YOUR TASK: Copying rule for the data below: take the line containing "Ceylan Yolun Açık Olsun / Garip Anam Kaset" and every line after it to the end, exactly, and drop all pictures.

SOURCE MATERIAL:
Content starts

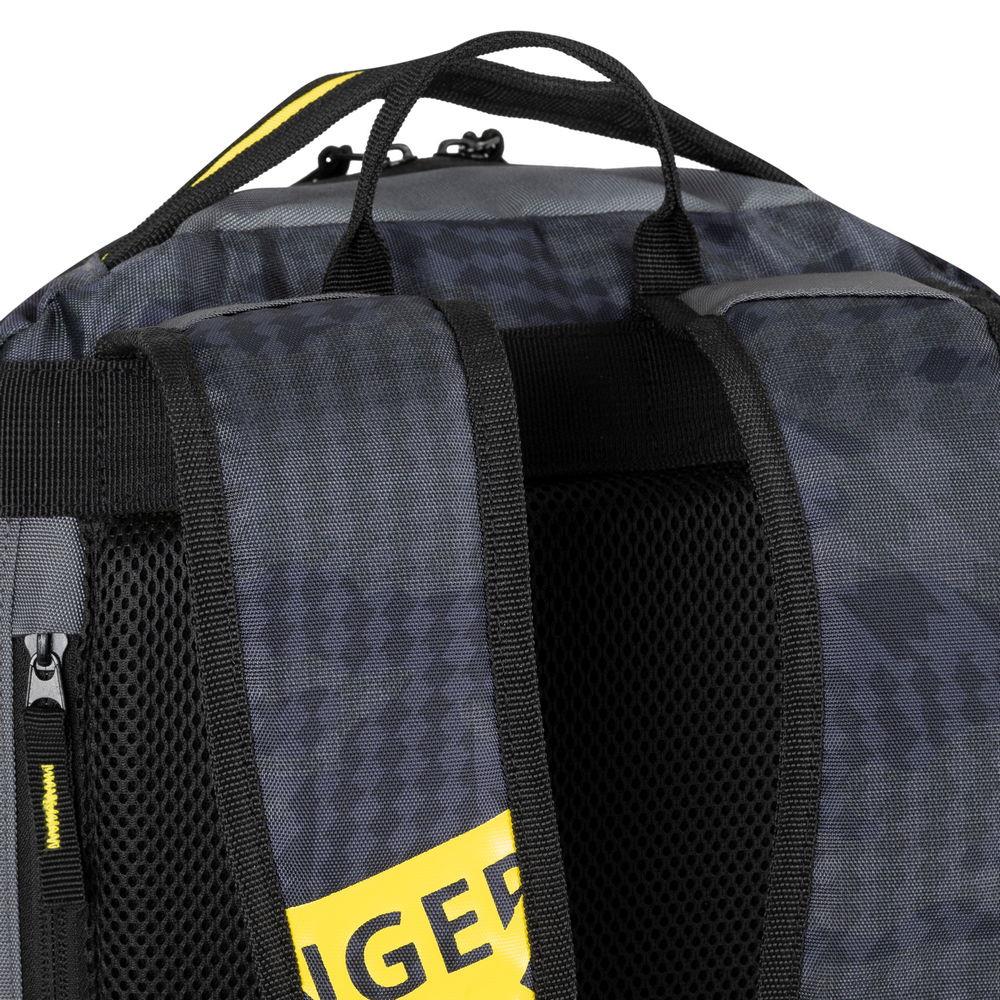 NB BACKPACK URBAN 20L 15.6"/5431 GREY CAMO RIVACASE - Image 22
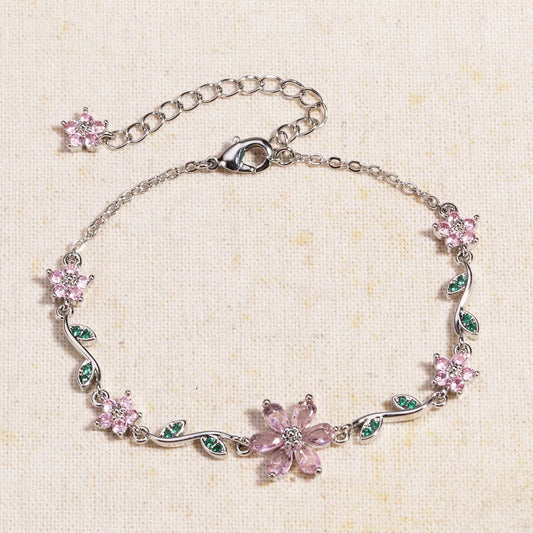 Final 3 hours:70% OFF Mix🌸✨Flower Bracelet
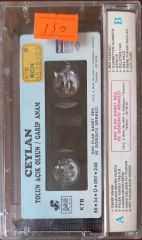 Ceylan Yolun Açık Olsun / Garip Anam Kaset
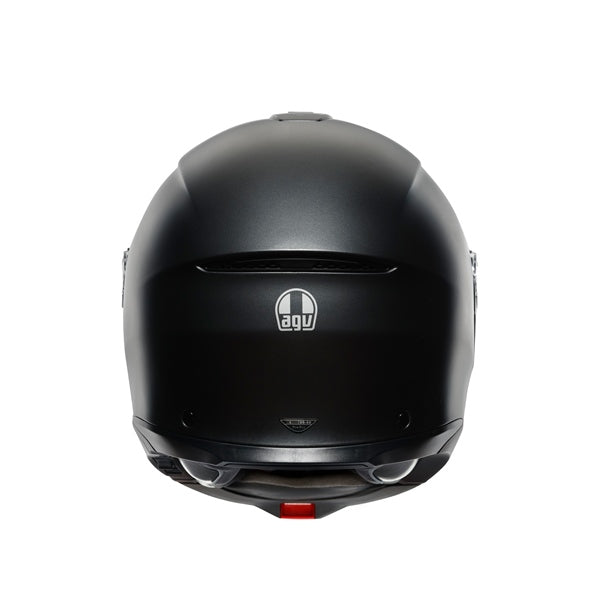 AGV HELM T-MODULAR SOLID Matte Black 2XL - Driven Powersports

Content ends

ANSWER TO THIS EXERCISE:
 Ceylan Yolun Açık Olsun / Garip Anam Kaset
 AGV HELM T-MODULAR SOLID Matte Black 2XL - Driven Powersports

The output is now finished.